Response times for Montgomery County emergency calls have gone down during the past few years, but local lawmakers disagree over what that means for potential ambulance fees.
It was more than a year ago that voters in Montgomery County rejected ambulance user fees, but that hasn't stopped local lawmakers from sniping over the issue.
Response times by fire and rescue services in the county are going down, as are deaths from fires. In 2007, there were 10 fire-related deaths; last year, there was just one. New staffing procedures and an increase in the number of fire stations have received the credit for the improvements.
But County Executive Isiah Leggett argues those numbers would be even better if the controversial ambulance fees were charged like in all other jurisdictions in the D.C. region. Montgomery County voters rejected the fees by a margin of 54-46 percent when they were on the ballot in November of 2010.
Council member Phil Andrews, the staunchest opponent of the fees on the Montgomery County Council, disputes claims that money raised by the fees would have helped. In addition, Andrews contends the fees may have stopped people from calling 911 in non-urgent situations.

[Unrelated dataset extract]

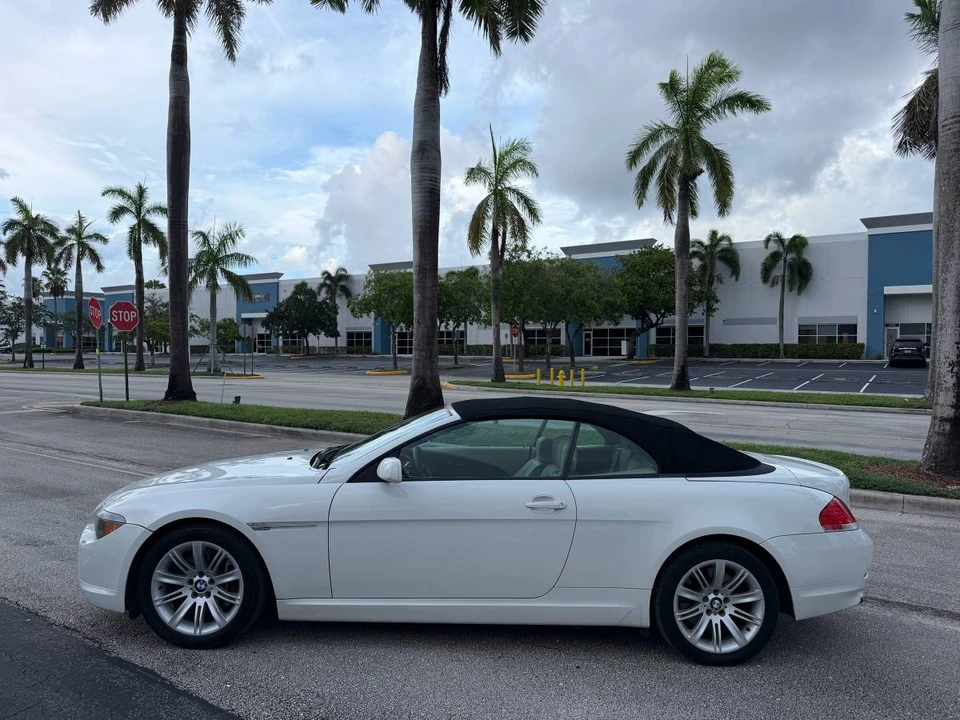 2007 BMW E63/E64 645Ci & 650i - Image 7 of 13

"It doesn't necessarily follow that any money that would have come in from the fees would have gone to expanding service," Andrews says. "It could have gone to pay increases and benefit costs."
Rather than focus on what the fees could have done, Andrews sees the better emergency response numbers as an argument for why they're not necessary. "The good news is that the fire and rescue response continues to improve," he says. "And we have been able to do that without an ambulance fee, which is the best way to do it."
A spokesman for Leggett calls Andrews' comments "off-base", saying it's inconceivable that service would not have gotten better if more money was dedicated to it.
Still, the county executive has no plans at this time to propose the fees again, the spokesman adds.